According to Fish and Game estimates, 1.5 million sockeye came up the river this year. Since Aug. 7, at least 1,000 sockeye have been counted through the Russian River weir, with 1,730 and 2,162 being counted on Saturday and Sunday respectively.

The lower river, however, is a different picture as pinks have started to swarm the river up to, and beyond the Soldotna bridge.

“Anywhere there is slow water, you’ll see ‘em rolling,” Pawluk said.

Silvers have also entered the lower river, but the fishery is still kind of slow and anglers might find it tough to get a limit, he added.

“It is still not really good, but there are a few fish to be had, is the best way to put it,” Pawluk said.

Even though both silvers and pinks have spread throughout the lower river, there are a few tricks for limiting pink bycatch.

“If you want to use hardware or lures to target silvers then you might here pretty soon, not right now, but pretty soon, focus your efforts above the bridge or before that mass of pinks gets up there because pretty soon any hardware you throw out, you are just going to be going through so many pinks,” Pawluk said.

Fishermen can also target silvers with bait and eggs and look for areas where pinks don’t congregate.

“It is not like they are mixed in and holding with those giant schools of pinks that are behind every island and between every seam,” Pawluk said.

Rainbow trout fishing should continue to pick up through the summer and into the fall, said Lee Kuepper, co-owner of Alaska’s Angling Addiction.

“Trout season is upon us,” he said. “We’ve been catching quite a few fish and some nice fish mixed in.”

Trout beads are working now alongside flesh patterns, but beads should start to come in hotter as the days go on.
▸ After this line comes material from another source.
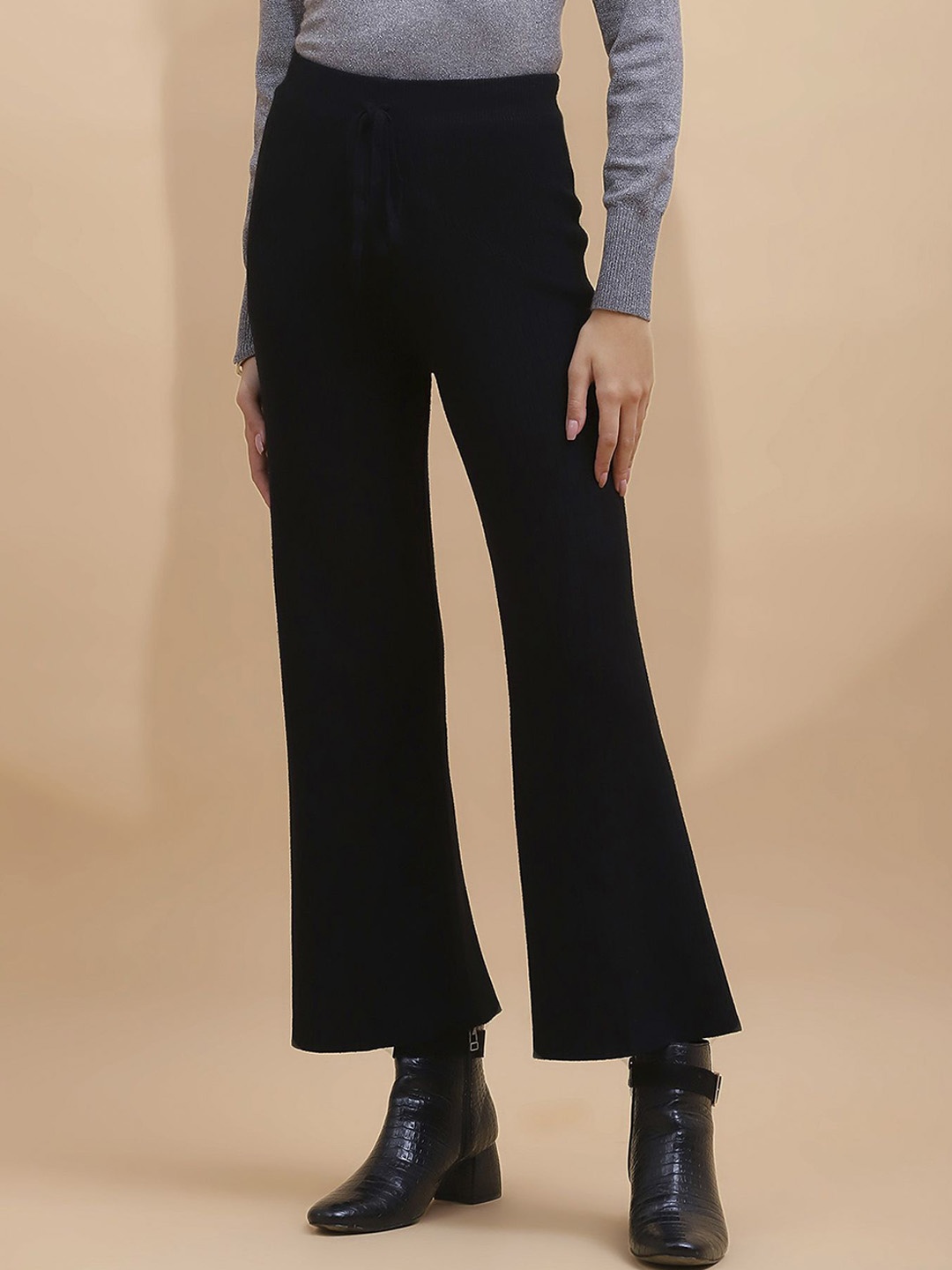 

Global Republic Loose Fit High Rise Trousers, Black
Right now both sizes — newer large 10 to 12 millimeter or older 6 to 8 millimeter — work well, he said.

“We’ve had some good ones, nothing over the 30 inch mark but definitely some ones that are up there,” he said. “I think it is going to be a good year for trout, especially with all these pinks that are going to start coming in here and all the eggs and the flesh that are in the water.”

Right now anglers can try fishing dry flies on the upper section of the river during the heat of the day in slower moving water areas around eddies, behind rocks, or anywhere insects might land.

“You do see fish coming up to hit the dry flies but for most part people stick with what they know and stick with beads and flesh,” Kuepper said. “Dry flies are definitely an over-looked area.”

Quartz Creek is also fishing well, but is not quite to its peak. Kuepper said that should come in another week or so.

“But it would be a good time to go out there and get away from some of the people before they get in there,” he said.